Although the Bill is part of a suite of counter-terrorism measures against home-grown terrorists, privacy advocates have raised concerns about the new law due to the risk of security agencies misusing the personal information of Australians. Legal and media advisors have raised concerns as to the long-term effects the new law could have on journalistic or legal privilege. The additional responsibilities placed on telecommunication sector entities to capture and retain data and information can arguably increase their liability exposure and that of their insurers.
The Australian government has tried to ease these privacy concerns by including what it sees as appropriate safeguards, such as, requiring national security agencies to make a case that access to the data is “reasonably necessary” to an investigation. There is also an independent oversight mechanism allowing the Commonwealth Ombudsman access to agency records and allowing the Parliamentary Joint Committee on Intelligence and Security oversight of the use of metadata by the AFP and ASIO.
Telecommunications companies are now required to encrypt the retained information and protect it from unauthorised interference or unauthorised access, which is in line with the principles under thePrivacy Act 1988 (Cth) for the handling of personal information.
Further, national security agencies accessing phone and computer records pursuant to the new laws, will now be subject to the Australian Privacy Principles for the handling of that information, to the extent that the information constitutes “personal information” for the purposes of the Privacy Act.

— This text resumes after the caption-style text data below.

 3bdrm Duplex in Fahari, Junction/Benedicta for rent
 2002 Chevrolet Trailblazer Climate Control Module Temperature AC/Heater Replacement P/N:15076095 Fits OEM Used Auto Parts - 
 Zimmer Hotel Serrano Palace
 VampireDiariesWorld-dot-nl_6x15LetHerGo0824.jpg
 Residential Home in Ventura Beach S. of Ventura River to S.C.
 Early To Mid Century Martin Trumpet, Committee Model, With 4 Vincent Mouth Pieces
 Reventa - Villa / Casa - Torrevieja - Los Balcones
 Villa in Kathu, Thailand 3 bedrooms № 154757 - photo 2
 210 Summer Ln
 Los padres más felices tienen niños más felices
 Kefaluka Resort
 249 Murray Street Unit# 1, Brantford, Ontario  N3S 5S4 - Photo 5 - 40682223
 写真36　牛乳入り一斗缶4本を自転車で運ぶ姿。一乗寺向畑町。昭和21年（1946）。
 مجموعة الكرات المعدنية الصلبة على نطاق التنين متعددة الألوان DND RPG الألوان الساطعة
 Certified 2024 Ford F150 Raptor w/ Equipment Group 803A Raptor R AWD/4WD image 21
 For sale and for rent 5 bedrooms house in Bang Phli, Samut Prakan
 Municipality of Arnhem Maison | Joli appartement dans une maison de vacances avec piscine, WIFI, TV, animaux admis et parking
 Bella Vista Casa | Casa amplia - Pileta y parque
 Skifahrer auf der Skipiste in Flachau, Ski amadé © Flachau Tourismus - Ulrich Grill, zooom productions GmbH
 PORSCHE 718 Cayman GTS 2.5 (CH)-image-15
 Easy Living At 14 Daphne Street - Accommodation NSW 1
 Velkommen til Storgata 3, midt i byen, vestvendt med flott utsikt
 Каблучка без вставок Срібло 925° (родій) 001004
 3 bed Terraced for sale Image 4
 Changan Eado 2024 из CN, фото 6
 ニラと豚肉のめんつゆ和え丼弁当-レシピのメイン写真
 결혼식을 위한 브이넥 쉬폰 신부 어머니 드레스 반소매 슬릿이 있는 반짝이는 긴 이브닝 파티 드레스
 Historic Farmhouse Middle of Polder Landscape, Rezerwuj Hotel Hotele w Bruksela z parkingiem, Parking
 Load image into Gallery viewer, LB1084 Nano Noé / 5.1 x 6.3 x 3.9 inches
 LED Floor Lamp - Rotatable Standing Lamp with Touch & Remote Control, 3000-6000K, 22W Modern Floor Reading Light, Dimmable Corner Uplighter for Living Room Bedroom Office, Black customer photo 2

Is This Appropriate And Reasonable, Considering The Intrinsically Personal Details That Will Be Held?
The safeguards provide only a level of comfort that the information being retained will be held and used only within defined parameters.
It is important to remember that all systems are subject to breaches, even those maintained by the telecommunications industry and by national security agencies – this is particularly relevant with regard to the current regulatory focus on data breach and privacy related issues and exposures.
It remains to be seen how the implementation of the new laws will unfold and as to whether the intended national security benefits outweigh the financial cost of implementing the regime and the long term effect, which the retention of data might have on the personal privacy of Australians.